The little death is a translation from the French “la petite mort”, a popular reference for a sexual orgasm. The term has been broadly expanded to include specific instances of blacking out after orgasm and other supposed spiritual releases that come with orgasm.
Speculations to its origin include current connotations of the phrase, including:
* Greco-Roman belief that the oversecretion of bodily fluids would “dry out” one of the believed four humours, leading to death
*Islam’s reference to sleep
* Buddhist Sogyal Rinpoche’s The Tibetan Book of Living and Dying’s quote: “Life is nothing but a continuing dance of birth and death, a dance of change.” (Existence through many changes, “births and deaths”)
Before my father died, he asked me to buy him this book:
It’s about horse racing. My dad never knowingly rode a horse, perhaps he did in his dreams, but he never actually got astride one and let it canter down a field or furlong. The closest he ever came to this was when he would place a bet on others, professional jockeys, racing at the various meetings around the country. Betting on horses was, for him, a release.
I have never been bitten by the betting bug. Okay, so I have but a few quid on a Grand National sweepstake but nothing else. My brother-in-law, who had lots of insider knowledge, once gave me the name of a ‘cert’ that had wonderfuly tempting odds and which would make me a fortune if I dared to back it. I didn’t and it lost.
My dad would occasionally win BIG. Nothing ridiculous, just a few hundred or maybe a thousand. He wasn’t ostentacious, never bragged, showed little emotion, and definitley wasn’t vainglorious, but he did win; he knew his stuff. If anybody were to be asked, however, who the big gambler in the family was, they would probably point to me.

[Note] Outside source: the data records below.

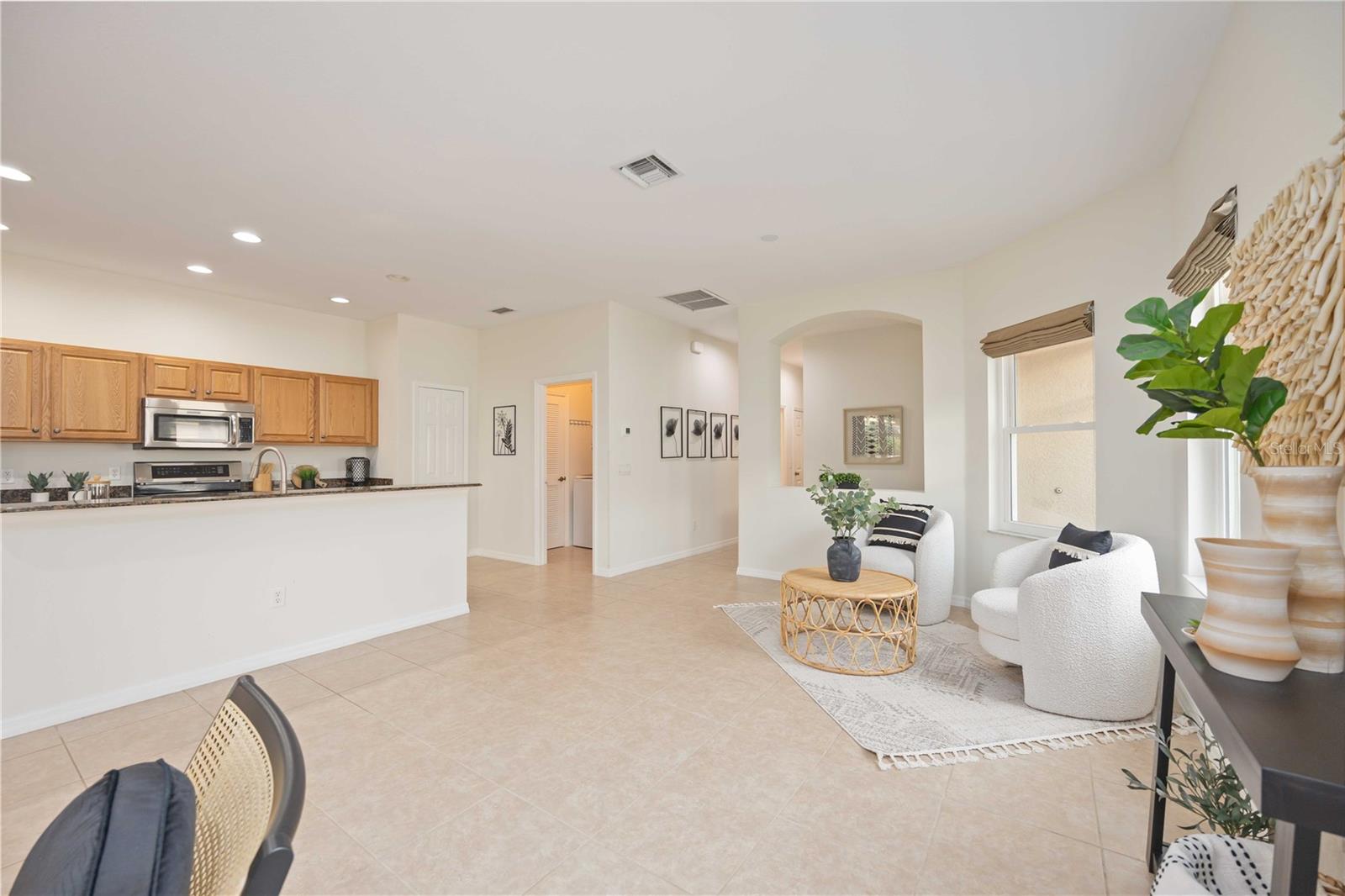 Image 8 of 38 For 4405 Lenox Boulevard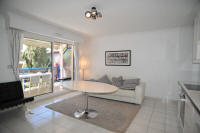 Cannes Locations, appartements et villas en location  Cannes, copyrights John and John Real Estate, photo Rf 113-09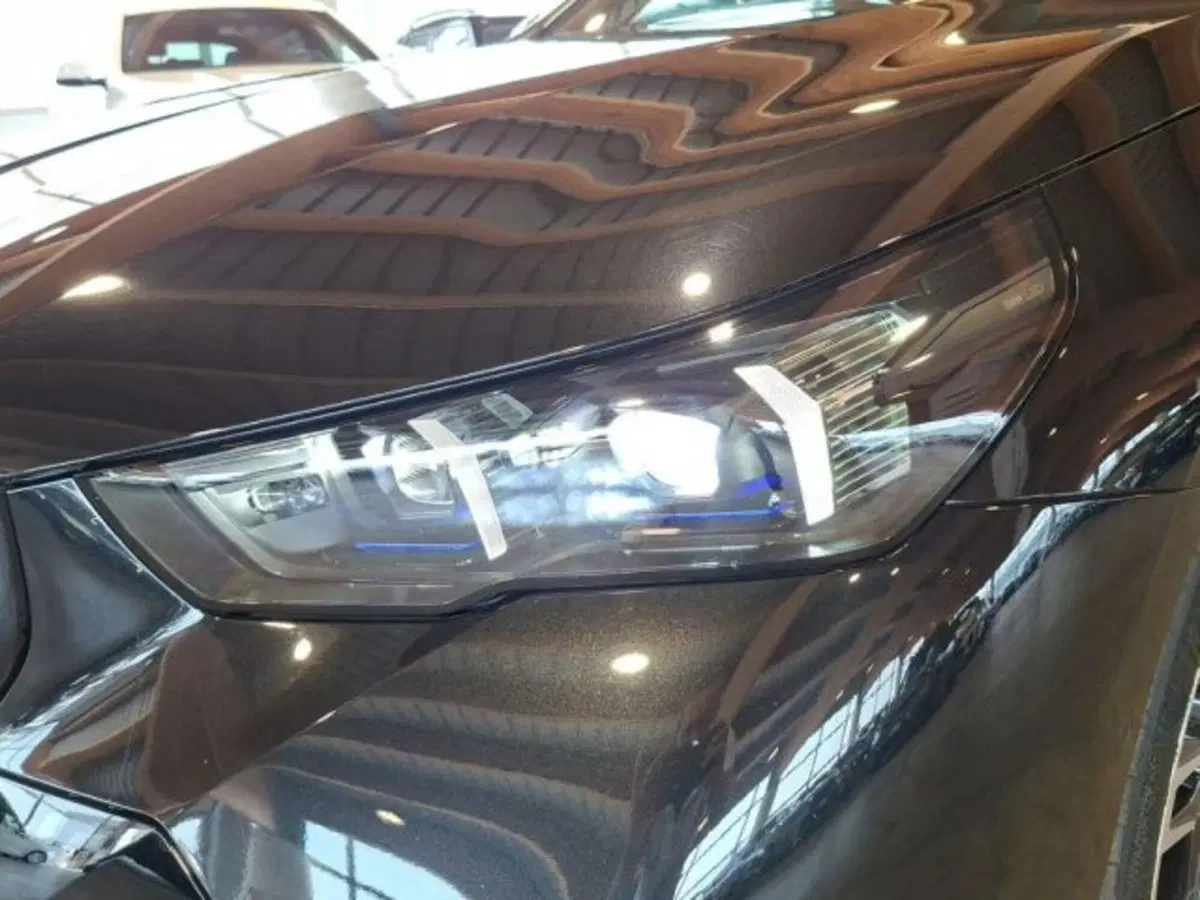 BMW i5 Touring usata a Verona (6)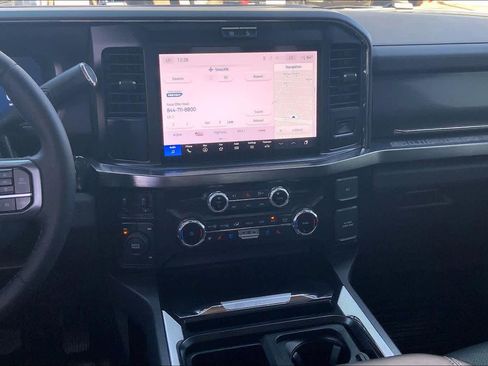 Certified 2025 Ford F450 Lariat w/ Chrome Package image 7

I was the risk-taker, I gambled on life.
Yup, you guessed it. That poor schmuck on the left is me.
Origin of schmuck
Schmuck is a Yiddish word for penis. Le petite mort is French for little death. Betting is claimed to be better than sex. the Greeks and Romans may have believed that too many orgasms dried you out. Whereas, Islam points to sleep. Bhuddists take a more balanced view that tells us that in the great scheme of things (assuming there is a scheme), it doesn’t mean a thing. Life continues ragardless of what we do.